Learning from learning curves
After trying out some XGBoosting on the Kaggle Bosch problem, I thought I’d give neural networks a go. It would be nice to get some insight into how the neural network is learning, so I can improve it for my task. So I plotted several learning curves of a neural network, to see what’s happening under the hood.
Data is related to the Kaggle Bosch challenge.
Original data: consists of numeric, date related (numeric) and categorical data related to features collected for each part along an assembly line, and the objective is to predict if a part is rejected or not (Binary classification)
Feature Transformation: Categorical features are one-hot encoded, and some extra features have been created.
Feature transformation pipeline is 1) Transform categorical features + add additional features 2) Normalize the data 3) Feature selection to remove poor features
This is an imbalanced class problem, and to alleviate this slightly, I use Stratified K-Fold (K=3) to cross validate the model on the data and keep the classes balanced.
Data contains about 2000 features after feature creation/transformation. A lot I know, but I want to see if a model can learn the signal, with my original + hand-coded features. (Later, I will try out with a smaller feature set)
Metric to assess the model is MCC (Matthrews Correlation Coeff): https://en.wikipedia.org/wiki/Matthews_correlation_coefficient
Learning the signal with neural networks
In all graphs,
the top graph depicts the loss, over epochs, for training and validation sets for all CV folds. (Validation loss is plotted with a dashed line)

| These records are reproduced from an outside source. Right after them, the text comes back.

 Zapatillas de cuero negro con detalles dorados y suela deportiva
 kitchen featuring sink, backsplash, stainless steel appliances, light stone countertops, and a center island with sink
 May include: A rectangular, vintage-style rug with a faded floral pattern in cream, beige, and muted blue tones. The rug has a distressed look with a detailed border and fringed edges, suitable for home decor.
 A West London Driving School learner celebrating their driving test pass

the second graph depicts the MCC (accuracy) for training & validation sets.
I start of with a simple model, a multi layer perceptron, with
one hidden layer, linear activation on hidden units, and 200 hidden units, trained over 50 epochs.
As you can see, this model depicts high bias. Training & validation datasets both exhibit similar curves of loss and accuracy. The loss & accuracy both seem to plateau off, so we can improve on this model, by changing some model parameters.

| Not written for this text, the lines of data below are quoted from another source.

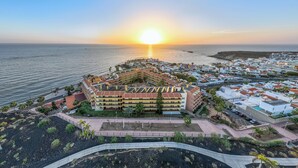 Ein Hotel an der Küste mit einem zentralen Innenhof, umgeben von einem Yachthafen und einem Strand.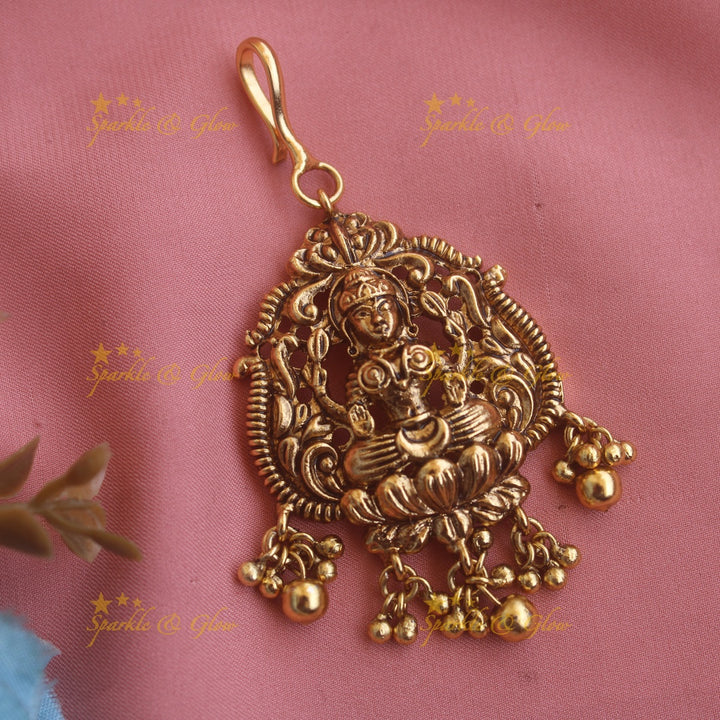 Beautiful Lakshmi carved maang tikka with pearls and mint green beads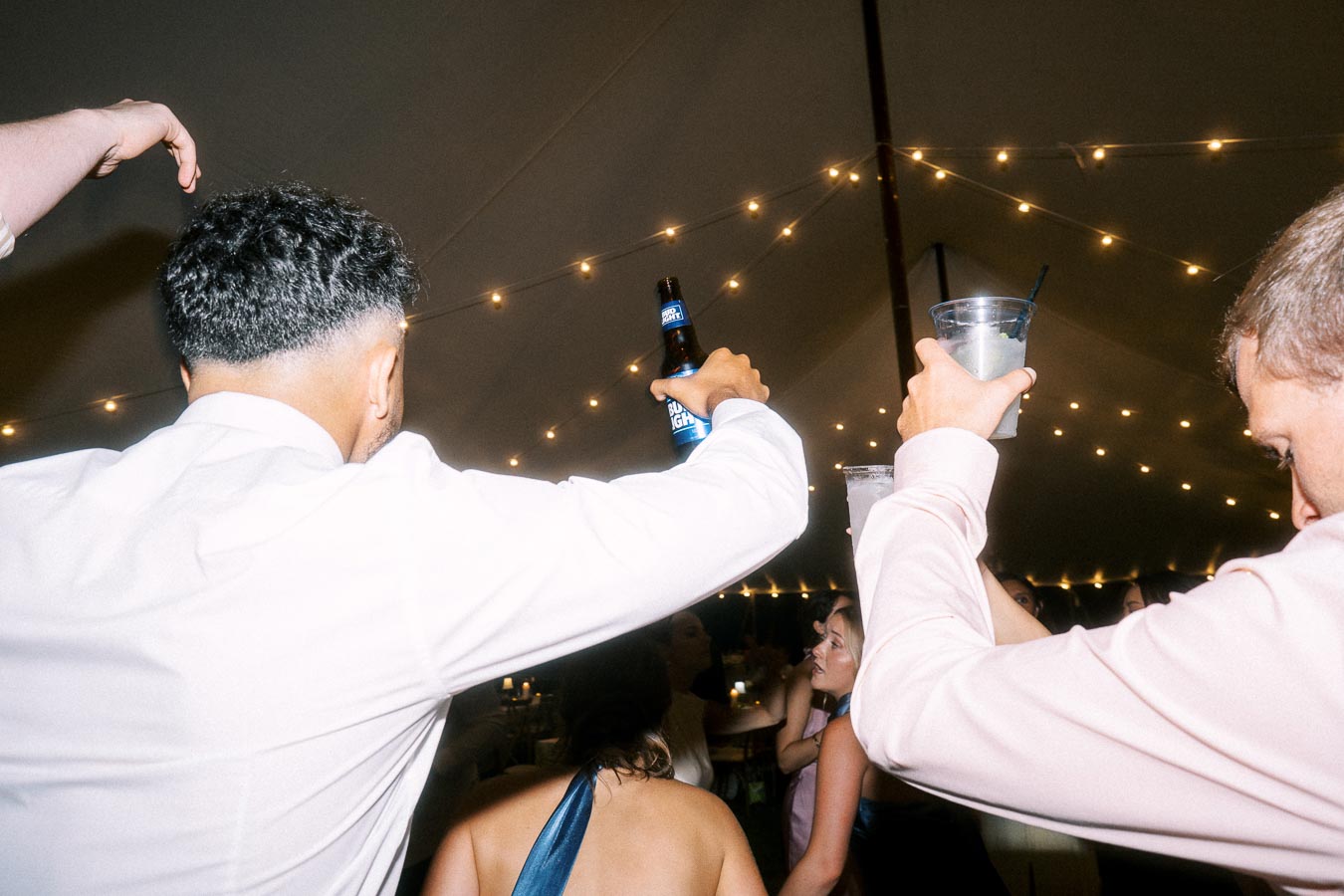 Wedding guests dancing and raising drinks under string lights inside a tent during a private estate farm wedding near Chatham-Kent, Ontario, Canada.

Second model is a slight modification to the first. I use a non-linearity instead of linear activation function
one hidden layer, ReLU activation on hidden units, and 200 hidden units, trained over 50 epochs.
As you can see adding a non-linearity has led to overfitting. 200 units maybe too many.
So lets see what happens when the number of hidden units are reduced.
one hidden layer, ReLU activation on hidden units, and 13 hidden units, trained over 50 epochs.
It looks a lot better, even though there is some bias, the loss has reduced (accuracy has improved slightly). It looks like one fold is not performing as well as the other two. I’m not sure what the reason for this is, all three folds have the same ratio of +ve/-ve class. But lets see if shuffling the dataset fixes this behaviour.
Looks like the shuffling helped. Now all three folds have similar results.
Would my model improve if I trained it longer? There is already evidence that the validation error is starting to go up, but let’s confirm this with a plot.
one hidden layer, ReLU activation on hidden units, and 13 hidden units, trained over 150 epochs.
Well that was no good.
What if we tried to de-correlate the inputs using some technique like PCA?
one hidden layer, ReLU activation on hidden units, and 10 hidden units, trained over 50 epochs on PCA transformed data
I’m not entirely sure why this made it so much worse. Its possible that the true function is non-linear so applying a linear transformation would add bias to the model.
[UPDATE] While a single hidden layer with non-linearity should already be powerful enough to learn the function, I added one more hidden layer, with larger number of units, but along with a higher dropout for regularization.
two hidden layers, with dropout=0.6, ReLU activation on hidden units, and 300 hidden units, trained over 60 epochs
This is looking much better. Validation error has reduced, and the accuracy is also much higher.
It’s clear that my best model is still quite poor in terms of accuracy (worse on test data/public leaderboard). One of the checks as recommended in the CS231n Stanford course is to “make sure you can achieve zero cost“ on a small subset of data. I have not been able to achieve this with the current model/features.
I think I might have to go back to the feature engineering drawing board. Its possible the features themselves are not strong enough for my model to learn.
I’d like to hear your thoughts of what other steps might be used to tune the model (with the same feature set). Maybe weight decay, and other kinds of regularization might work. I’ll add to the results as I perform the tests.